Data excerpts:
☆ ☆ ☆
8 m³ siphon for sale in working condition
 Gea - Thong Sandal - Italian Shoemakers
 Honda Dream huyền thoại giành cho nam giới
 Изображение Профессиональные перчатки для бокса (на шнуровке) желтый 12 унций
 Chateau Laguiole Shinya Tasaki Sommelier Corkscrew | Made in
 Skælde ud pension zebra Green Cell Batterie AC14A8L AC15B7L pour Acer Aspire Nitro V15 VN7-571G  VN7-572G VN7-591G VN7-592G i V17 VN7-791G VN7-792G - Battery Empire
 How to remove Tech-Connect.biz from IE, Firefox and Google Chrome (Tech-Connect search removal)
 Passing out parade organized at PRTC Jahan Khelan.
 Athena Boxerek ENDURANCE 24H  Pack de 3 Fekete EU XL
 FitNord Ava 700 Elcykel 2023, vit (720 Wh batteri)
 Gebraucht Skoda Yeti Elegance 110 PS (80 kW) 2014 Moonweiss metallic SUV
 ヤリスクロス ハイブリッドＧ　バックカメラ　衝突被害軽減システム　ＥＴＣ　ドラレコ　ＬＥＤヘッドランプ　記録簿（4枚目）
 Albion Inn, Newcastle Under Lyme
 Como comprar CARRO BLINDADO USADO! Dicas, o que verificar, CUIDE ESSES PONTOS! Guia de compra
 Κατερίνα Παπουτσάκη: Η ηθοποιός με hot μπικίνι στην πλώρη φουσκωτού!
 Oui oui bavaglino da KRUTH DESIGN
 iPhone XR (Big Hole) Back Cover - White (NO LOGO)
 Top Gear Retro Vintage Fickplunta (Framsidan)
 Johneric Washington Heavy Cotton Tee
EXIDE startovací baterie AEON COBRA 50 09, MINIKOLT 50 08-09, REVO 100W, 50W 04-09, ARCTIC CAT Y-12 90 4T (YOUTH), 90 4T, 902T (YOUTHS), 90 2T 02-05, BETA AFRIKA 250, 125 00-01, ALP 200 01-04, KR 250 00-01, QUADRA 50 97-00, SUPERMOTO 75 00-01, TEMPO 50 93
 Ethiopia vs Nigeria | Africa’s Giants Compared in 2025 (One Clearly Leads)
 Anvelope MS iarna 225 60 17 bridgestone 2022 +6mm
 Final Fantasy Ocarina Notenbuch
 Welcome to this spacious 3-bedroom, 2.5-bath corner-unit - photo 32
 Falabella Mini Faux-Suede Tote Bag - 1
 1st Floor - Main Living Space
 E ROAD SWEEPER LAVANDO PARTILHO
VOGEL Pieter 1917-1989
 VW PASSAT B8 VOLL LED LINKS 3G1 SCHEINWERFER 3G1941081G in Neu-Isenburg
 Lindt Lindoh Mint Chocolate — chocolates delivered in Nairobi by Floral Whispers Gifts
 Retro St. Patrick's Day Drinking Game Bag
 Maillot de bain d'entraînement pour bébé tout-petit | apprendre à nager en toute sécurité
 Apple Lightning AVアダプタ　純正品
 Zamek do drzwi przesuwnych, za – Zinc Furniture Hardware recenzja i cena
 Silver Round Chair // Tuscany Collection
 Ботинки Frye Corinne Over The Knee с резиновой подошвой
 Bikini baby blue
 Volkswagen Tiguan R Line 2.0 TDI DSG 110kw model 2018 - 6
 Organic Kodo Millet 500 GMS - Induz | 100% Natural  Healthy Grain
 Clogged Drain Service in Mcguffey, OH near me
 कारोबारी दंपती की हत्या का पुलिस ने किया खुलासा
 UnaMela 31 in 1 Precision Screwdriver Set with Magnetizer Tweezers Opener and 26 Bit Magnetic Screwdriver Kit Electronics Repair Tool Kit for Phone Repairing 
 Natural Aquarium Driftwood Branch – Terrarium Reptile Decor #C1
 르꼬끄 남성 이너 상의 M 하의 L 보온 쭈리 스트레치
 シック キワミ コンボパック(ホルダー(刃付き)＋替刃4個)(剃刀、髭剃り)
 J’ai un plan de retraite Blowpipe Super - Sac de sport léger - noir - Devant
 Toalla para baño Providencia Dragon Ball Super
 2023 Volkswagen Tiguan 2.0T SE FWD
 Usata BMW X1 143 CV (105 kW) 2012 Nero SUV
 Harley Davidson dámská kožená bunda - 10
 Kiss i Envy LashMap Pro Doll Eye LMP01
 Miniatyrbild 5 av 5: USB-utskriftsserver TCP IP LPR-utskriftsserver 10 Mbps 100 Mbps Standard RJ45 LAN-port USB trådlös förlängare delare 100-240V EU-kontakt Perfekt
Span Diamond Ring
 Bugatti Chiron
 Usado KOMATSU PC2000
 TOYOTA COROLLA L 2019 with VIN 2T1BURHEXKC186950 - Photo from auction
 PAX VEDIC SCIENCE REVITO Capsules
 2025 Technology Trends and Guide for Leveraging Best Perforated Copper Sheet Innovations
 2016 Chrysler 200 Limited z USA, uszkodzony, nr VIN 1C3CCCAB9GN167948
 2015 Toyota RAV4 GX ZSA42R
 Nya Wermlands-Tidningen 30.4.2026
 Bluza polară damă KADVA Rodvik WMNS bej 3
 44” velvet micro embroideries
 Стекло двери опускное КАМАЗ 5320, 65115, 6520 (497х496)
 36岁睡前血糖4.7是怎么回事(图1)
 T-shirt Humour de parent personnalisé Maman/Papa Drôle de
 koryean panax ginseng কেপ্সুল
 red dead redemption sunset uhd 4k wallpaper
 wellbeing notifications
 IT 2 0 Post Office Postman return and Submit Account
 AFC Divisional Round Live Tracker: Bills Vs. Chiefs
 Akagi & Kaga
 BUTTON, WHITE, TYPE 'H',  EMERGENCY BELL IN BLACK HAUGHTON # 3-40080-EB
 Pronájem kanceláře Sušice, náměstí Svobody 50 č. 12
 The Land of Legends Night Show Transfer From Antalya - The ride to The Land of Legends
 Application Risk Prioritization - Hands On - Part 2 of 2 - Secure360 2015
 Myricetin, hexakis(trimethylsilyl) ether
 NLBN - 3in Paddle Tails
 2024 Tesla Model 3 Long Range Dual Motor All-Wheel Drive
☆ ☆ ☆
» WORK INSTRUCTIONS
Return every record above exactly as it appears.

» REPLY
8 m³ siphon for sale in working condition
 Gea - Thong Sandal - Italian Shoemakers
 Honda Dream huyền thoại giành cho nam giới
 Изображение Профессиональные перчатки для бокса (на шнуровке) желтый 12 унций
 Chateau Laguiole Shinya Tasaki Sommelier Corkscrew | Made in
 Skælde ud pension zebra Green Cell Batterie AC14A8L AC15B7L pour Acer Aspire Nitro V15 VN7-571G  VN7-572G VN7-591G VN7-592G i V17 VN7-791G VN7-792G - Battery Empire
 How to remove Tech-Connect.biz from IE, Firefox and Google Chrome (Tech-Connect search removal)
 Passing out parade organized at PRTC Jahan Khelan.
 Athena Boxerek ENDURANCE 24H  Pack de 3 Fekete EU XL
 FitNord Ava 700 Elcykel 2023, vit (720 Wh batteri)
 Gebraucht Skoda Yeti Elegance 110 PS (80 kW) 2014 Moonweiss metallic SUV
 ヤリスクロス ハイブリッドＧ　バックカメラ　衝突被害軽減システム　ＥＴＣ　ドラレコ　ＬＥＤヘッドランプ　記録簿（4枚目）
 Albion Inn, Newcastle Under Lyme
 Como comprar CARRO BLINDADO USADO! Dicas, o que verificar, CUIDE ESSES PONTOS! Guia de compra
 Κατερίνα Παπουτσάκη: Η ηθοποιός με hot μπικίνι στην πλώρη φουσκωτού!
 Oui oui bavaglino da KRUTH DESIGN
 iPhone XR (Big Hole) Back Cover - White (NO LOGO)
 Top Gear Retro Vintage Fickplunta (Framsidan)
 Johneric Washington Heavy Cotton Tee
EXIDE startovací baterie AEON COBRA 50 09, MINIKOLT 50 08-09, REVO 100W, 50W 04-09, ARCTIC CAT Y-12 90 4T (YOUTH), 90 4T, 902T (YOUTHS), 90 2T 02-05, BETA AFRIKA 250, 125 00-01, ALP 200 01-04, KR 250 00-01, QUADRA 50 97-00, SUPERMOTO 75 00-01, TEMPO 50 93
 Ethiopia vs Nigeria | Africa’s Giants Compared in 2025 (One Clearly Leads)
 Anvelope MS iarna 225 60 17 bridgestone 2022 +6mm
 Final Fantasy Ocarina Notenbuch
 Welcome to this spacious 3-bedroom, 2.5-bath corner-unit - photo 32
 Falabella Mini Faux-Suede Tote Bag - 1
 1st Floor - Main Living Space
 E ROAD SWEEPER LAVANDO PARTILHO
VOGEL Pieter 1917-1989
 VW PASSAT B8 VOLL LED LINKS 3G1 SCHEINWERFER 3G1941081G in Neu-Isenburg
 Lindt Lindoh Mint Chocolate — chocolates delivered in Nairobi by Floral Whispers Gifts
 Retro St. Patrick's Day Drinking Game Bag
 Maillot de bain d'entraînement pour bébé tout-petit | apprendre à nager en toute sécurité
 Apple Lightning AVアダプタ　純正品
 Zamek do drzwi przesuwnych, za – Zinc Furniture Hardware recenzja i cena
 Silver Round Chair // Tuscany Collection
 Ботинки Frye Corinne Over The Knee с резиновой подошвой
 Bikini baby blue
 Volkswagen Tiguan R Line 2.0 TDI DSG 110kw model 2018 - 6
 Organic Kodo Millet 500 GMS - Induz | 100% Natural  Healthy Grain
 Clogged Drain Service in Mcguffey, OH near me
 कारोबारी दंपती की हत्या का पुलिस ने किया खुलासा
 UnaMela 31 in 1 Precision Screwdriver Set with Magnetizer Tweezers Opener and 26 Bit Magnetic Screwdriver Kit Electronics Repair Tool Kit for Phone Repairing 
 Natural Aquarium Driftwood Branch – Terrarium Reptile Decor #C1
 르꼬끄 남성 이너 상의 M 하의 L 보온 쭈리 스트레치
 シック キワミ コンボパック(ホルダー(刃付き)＋替刃4個)(剃刀、髭剃り)
 J’ai un plan de retraite Blowpipe Super - Sac de sport léger - noir - Devant
 Toalla para baño Providencia Dragon Ball Super
 2023 Volkswagen Tiguan 2.0T SE FWD
 Usata BMW X1 143 CV (105 kW) 2012 Nero SUV
 Harley Davidson dámská kožená bunda - 10
 Kiss i Envy LashMap Pro Doll Eye LMP01
 Miniatyrbild 5 av 5: USB-utskriftsserver TCP IP LPR-utskriftsserver 10 Mbps 100 Mbps Standard RJ45 LAN-port USB trådlös förlängare delare 100-240V EU-kontakt Perfekt
Span Diamond Ring
 Bugatti Chiron
 Usado KOMATSU PC2000
 TOYOTA COROLLA L 2019 with VIN 2T1BURHEXKC186950 - Photo from auction
 PAX VEDIC SCIENCE REVITO Capsules
 2025 Technology Trends and Guide for Leveraging Best Perforated Copper Sheet Innovations
 2016 Chrysler 200 Limited z USA, uszkodzony, nr VIN 1C3CCCAB9GN167948
 2015 Toyota RAV4 GX ZSA42R
 Nya Wermlands-Tidningen 30.4.2026
 Bluza polară damă KADVA Rodvik WMNS bej 3
 44” velvet micro embroideries
 Стекло двери опускное КАМАЗ 5320, 65115, 6520 (497х496)
 36岁睡前血糖4.7是怎么回事(图1)
 T-shirt Humour de parent personnalisé Maman/Papa Drôle de
 koryean panax ginseng কেপ্সুল
 red dead redemption sunset uhd 4k wallpaper
 wellbeing notifications
 IT 2 0 Post Office Postman return and Submit Account
 AFC Divisional Round Live Tracker: Bills Vs. Chiefs
 Akagi & Kaga
 BUTTON, WHITE, TYPE 'H',  EMERGENCY BELL IN BLACK HAUGHTON # 3-40080-EB
 Pronájem kanceláře Sušice, náměstí Svobody 50 č. 12
 The Land of Legends Night Show Transfer From Antalya - The ride to The Land of Legends
 Application Risk Prioritization - Hands On - Part 2 of 2 - Secure360 2015
 Myricetin, hexakis(trimethylsilyl) ether
 NLBN - 3in Paddle Tails
 2024 Tesla Model 3 Long Range Dual Motor All-Wheel Drive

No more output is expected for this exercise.